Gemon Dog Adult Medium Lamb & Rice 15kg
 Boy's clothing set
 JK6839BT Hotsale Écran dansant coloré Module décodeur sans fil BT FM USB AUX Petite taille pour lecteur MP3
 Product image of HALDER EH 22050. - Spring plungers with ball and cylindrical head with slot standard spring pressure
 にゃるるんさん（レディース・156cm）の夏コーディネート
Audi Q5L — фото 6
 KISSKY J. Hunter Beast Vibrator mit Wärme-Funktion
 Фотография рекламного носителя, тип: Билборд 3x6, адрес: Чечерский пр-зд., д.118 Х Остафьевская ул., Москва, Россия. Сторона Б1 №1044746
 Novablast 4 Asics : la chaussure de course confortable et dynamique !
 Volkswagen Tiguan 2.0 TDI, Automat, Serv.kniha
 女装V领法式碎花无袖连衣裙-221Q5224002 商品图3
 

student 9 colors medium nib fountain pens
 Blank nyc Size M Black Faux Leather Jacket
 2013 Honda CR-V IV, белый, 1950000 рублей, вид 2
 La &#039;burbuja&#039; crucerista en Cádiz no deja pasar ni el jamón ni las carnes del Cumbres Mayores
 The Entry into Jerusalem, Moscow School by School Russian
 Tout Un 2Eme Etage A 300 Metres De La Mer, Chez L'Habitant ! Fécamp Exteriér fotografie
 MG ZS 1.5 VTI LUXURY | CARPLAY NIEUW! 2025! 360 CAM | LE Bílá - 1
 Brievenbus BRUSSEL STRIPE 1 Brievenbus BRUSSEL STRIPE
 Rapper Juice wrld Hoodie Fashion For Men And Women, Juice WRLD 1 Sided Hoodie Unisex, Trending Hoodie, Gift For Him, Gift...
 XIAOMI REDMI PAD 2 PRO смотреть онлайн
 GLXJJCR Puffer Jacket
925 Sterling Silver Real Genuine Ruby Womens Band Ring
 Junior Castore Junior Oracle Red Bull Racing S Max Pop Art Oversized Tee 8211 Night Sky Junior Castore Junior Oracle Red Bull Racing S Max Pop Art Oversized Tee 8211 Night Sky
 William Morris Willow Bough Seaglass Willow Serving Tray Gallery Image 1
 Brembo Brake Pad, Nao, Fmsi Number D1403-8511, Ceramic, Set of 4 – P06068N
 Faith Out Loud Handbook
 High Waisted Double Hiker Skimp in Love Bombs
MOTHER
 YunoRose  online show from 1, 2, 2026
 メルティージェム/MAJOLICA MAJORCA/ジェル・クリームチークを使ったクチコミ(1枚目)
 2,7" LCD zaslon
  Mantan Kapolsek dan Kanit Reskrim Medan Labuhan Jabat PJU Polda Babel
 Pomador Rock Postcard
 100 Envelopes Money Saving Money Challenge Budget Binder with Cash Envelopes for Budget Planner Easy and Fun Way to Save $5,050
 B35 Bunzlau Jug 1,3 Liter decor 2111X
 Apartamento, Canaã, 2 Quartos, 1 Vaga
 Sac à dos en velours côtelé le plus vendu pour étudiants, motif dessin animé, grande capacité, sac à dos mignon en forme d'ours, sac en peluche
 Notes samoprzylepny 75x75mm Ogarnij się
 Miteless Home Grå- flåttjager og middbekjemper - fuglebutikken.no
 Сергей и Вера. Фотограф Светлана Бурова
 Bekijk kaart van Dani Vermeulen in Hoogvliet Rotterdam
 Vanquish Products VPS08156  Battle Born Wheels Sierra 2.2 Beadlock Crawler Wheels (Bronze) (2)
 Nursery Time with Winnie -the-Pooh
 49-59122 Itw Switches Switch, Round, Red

__________________________________________________

Please copy, exactly and with nothing else, the lines above beginning at the line that has "Product image of" and ending with the line that has "student 9 colors medium nib fountain pens".

 Product image of HALDER EH 22050. - Spring plungers with ball and cylindrical head with slot standard spring pressure
 にゃるるんさん（レディース・156cm）の夏コーディネート
Audi Q5L — фото 6
 KISSKY J. Hunter Beast Vibrator mit Wärme-Funktion
 Фотография рекламного носителя, тип: Билборд 3x6, адрес: Чечерский пр-зд., д.118 Х Остафьевская ул., Москва, Россия. Сторона Б1 №1044746
 Novablast 4 Asics : la chaussure de course confortable et dynamique !
 Volkswagen Tiguan 2.0 TDI, Automat, Serv.kniha
 女装V领法式碎花无袖连衣裙-221Q5224002 商品图3
 

student 9 colors medium nib fountain pens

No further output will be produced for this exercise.